MLB Rule 7.13
(1) A runner attempting to score may not deviate from his direct pathway to the plate in order to initiate contact with the catcher (or other player covering home plate). If, in the judgment of the Umpire, a runner attempting to score initiates contact with the catcher (or other player covering home plate) in such a manner, the Umpire shall declare the runner out (even if the player covering home plate loses possession of the ball). In such circumstances, the Umpire shall call the ball dead, and all other base runners shall return to the last base touched at the time of the collision.

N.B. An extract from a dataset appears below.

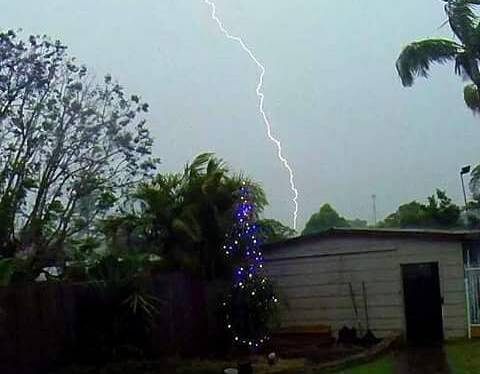 Lightning competed with Christmas lights in this backyard.  Photo taken by @physhopath of the recent storm over Port Macquarie.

Rule 7.13 Comment: The failure by the runner to make an effort to touch the plate, the runner’s lowering of the shoulder, or the runner’s pushing through with his hands, elbows or arms, would support a determination that the runner deviated from the pathway in order to initiate contact with the catcher in violation of Rule 7.13. If the runner slides into the plate in an appropriate manner, he shall not be adjudged to have violated Rule 7.13. A slide shall be deemed appropriate, in the case of a feet first slide, if the runner’s buttocks and legs should hit the ground before contact with the catcher. In the case of a head first slide, a runner shall be deemed to have slid appropriately if his body should hit the ground before contact with the catcher.
(2) Unless the catcher is in possession of the ball, the catcher cannot block the pathway of the runner as he is attempting to score. If, in the judgment of the Umpire, the catcher without possession of the ball blocks the pathway of the runner, the Umpire shall call or signal the runner safe.
Notwithstanding the above, it shall not be considered a violation of this Rule 7.13 if the catcher blocks the pathway of the runner in order to field a throw, and the Umpire determines that the catcher could not have fielded the ball without blocking the pathway of the runner and that contact with the runner was unavoidable.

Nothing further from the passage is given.